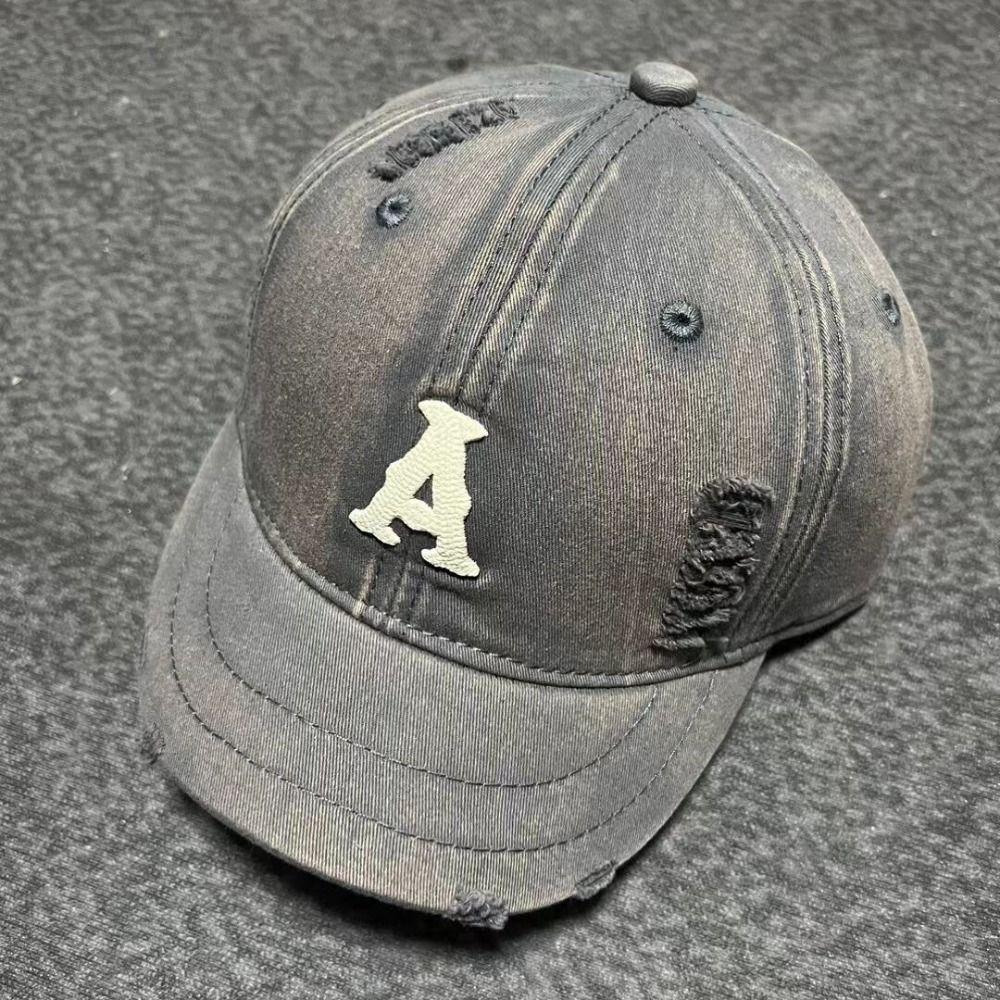 Embroidered Embroidery Letter Baseball Hat Retro Sun Hat Fashion Men Baseball Cap  Outdoor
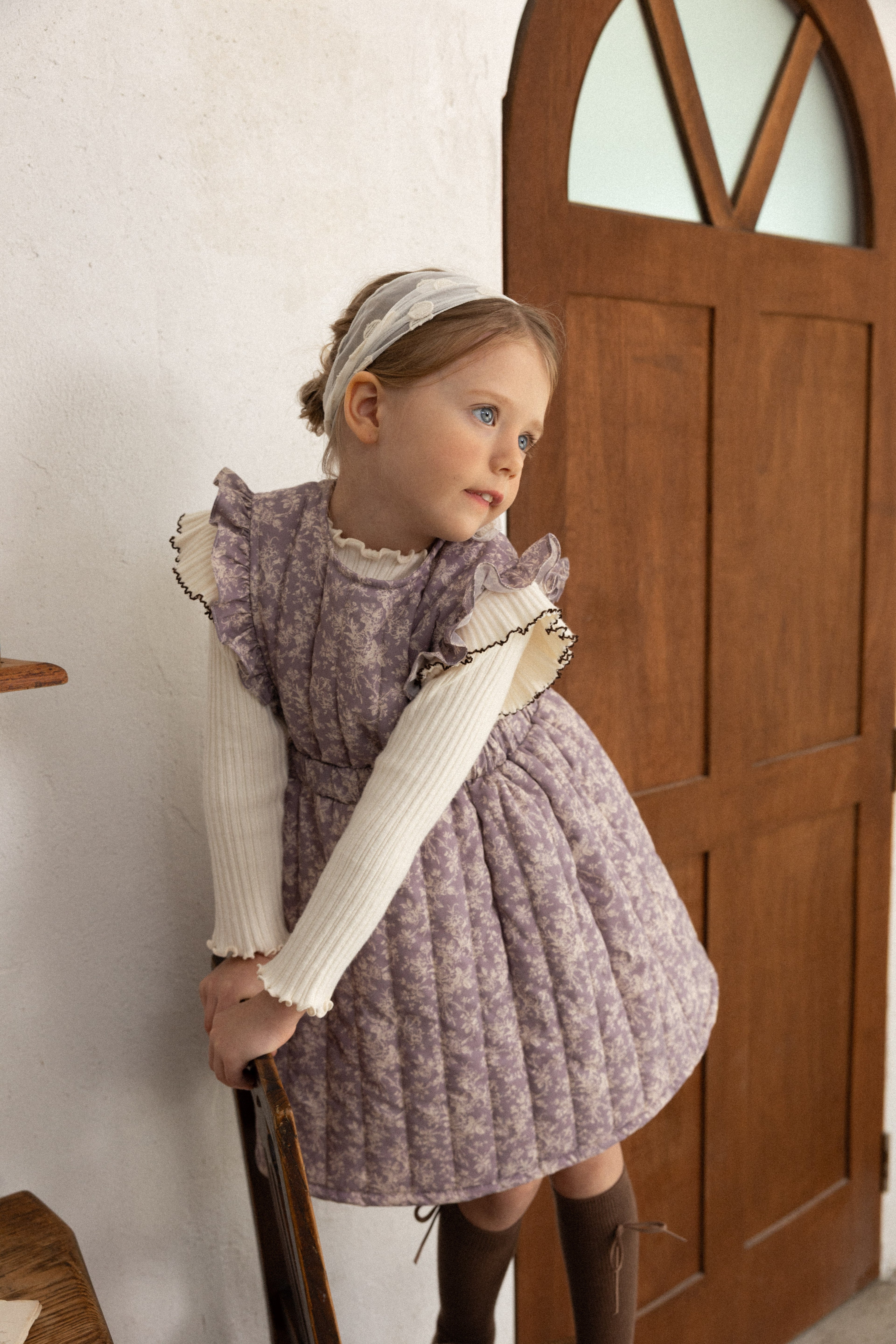 Mary T-Shirt for Girls | Soft Ribbed Top | Made in Korea | KOMOÉ Kidswear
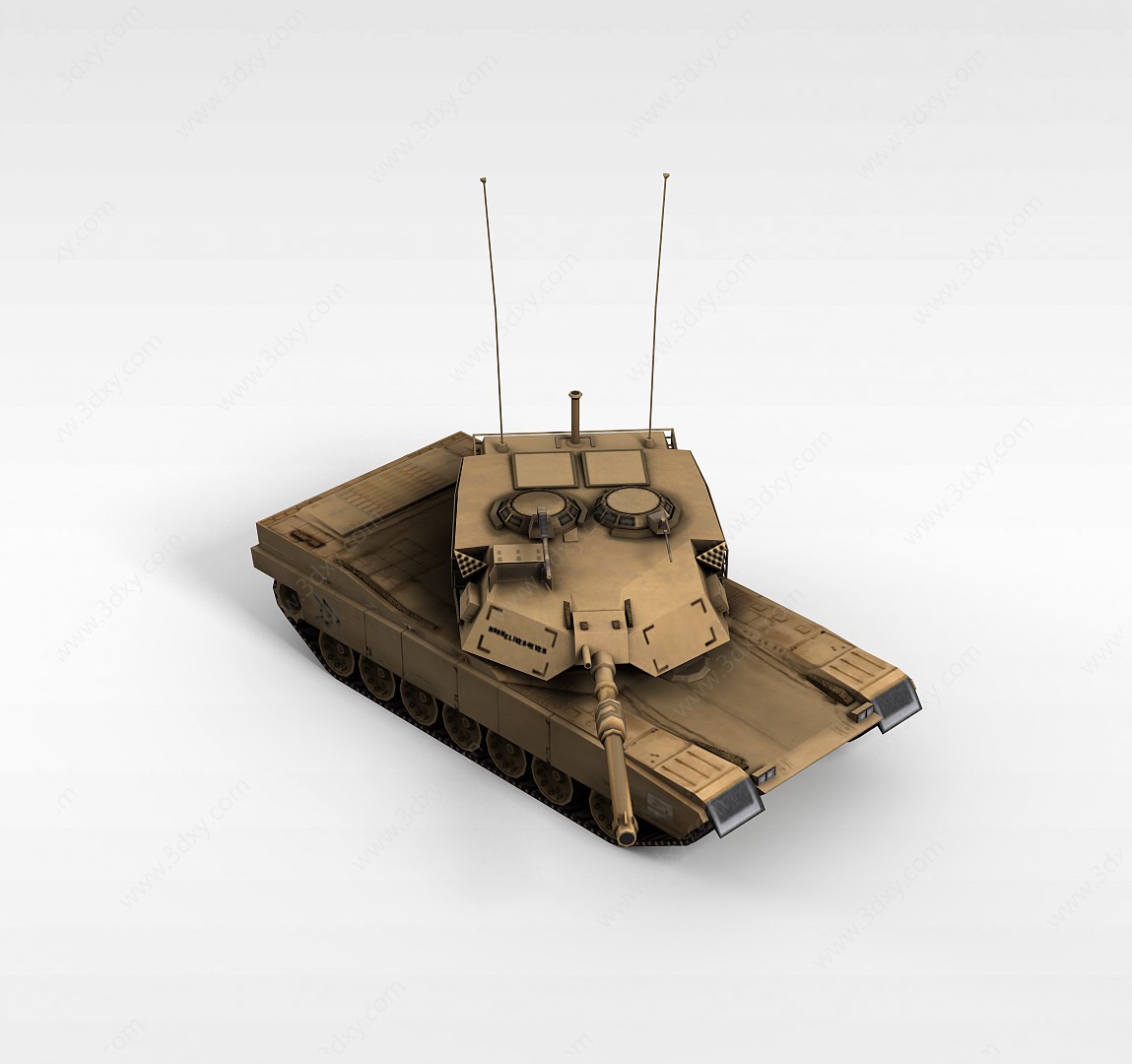 T57重型坦克3D模型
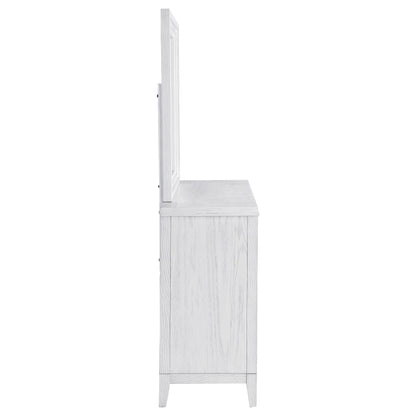 Coaster Furniture Marielle 224843M 6-Drawer Dresser with Mirror - Distressed White IMAGE 8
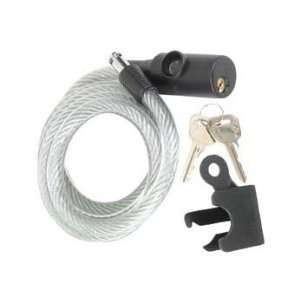  Bike  Bicycle Cable Lock 60 x 12mm W/Bracket Clear 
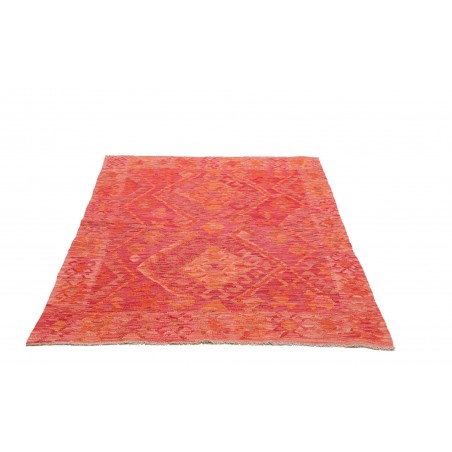 Tappeto Kilim Afghanistan rosso arancione 127x177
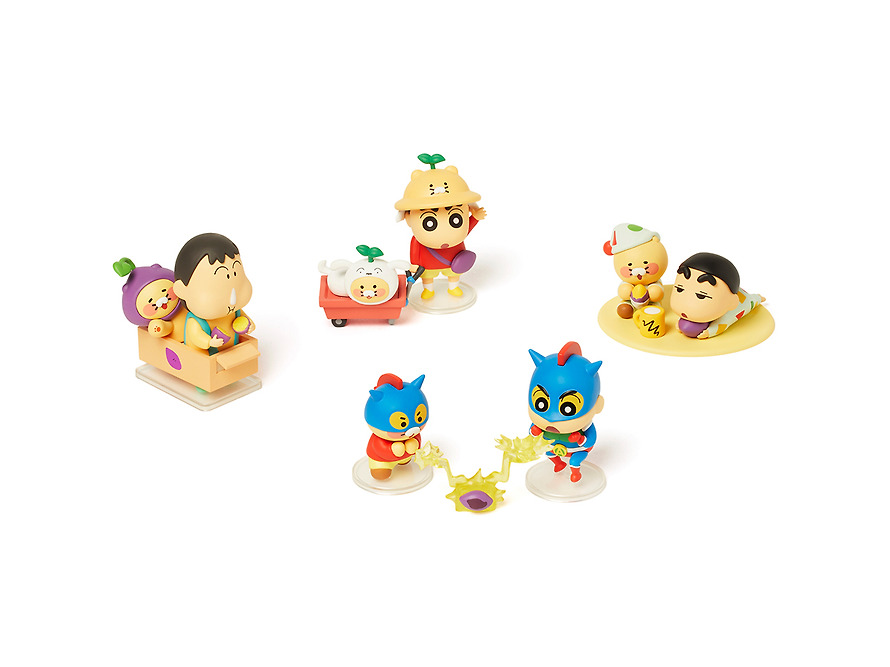 Random Figures Shin-chan X Friends Full Set of 4 Chunsik - Kakao Friends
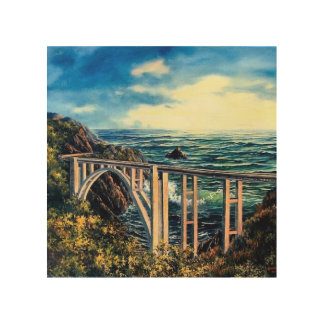 Bixby Bridge Wood Wall Art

==============================

* [WORK REQUIRED]:
Line for line, restate the data above and omit every picture.

* [THE COMPLETED TASK]:
 Embroidered Embroidery Letter Baseball Hat Retro Sun Hat Fashion Men Baseball Cap  Outdoor
 Mary T-Shirt for Girls | Soft Ribbed Top | Made in Korea | KOMOÉ Kidswear
 T57重型坦克3D模型
 Coaster Furniture Marielle 224843M 6-Drawer Dresser with Mirror - Distressed White IMAGE 8
  Bike  Bicycle Cable Lock 60 x 12mm W/Bracket Clear 
 Tappeto Kilim Afghanistan rosso arancione 127x177
 Random Figures Shin-chan X Friends Full Set of 4 Chunsik - Kakao Friends
 Bixby Bridge Wood Wall Art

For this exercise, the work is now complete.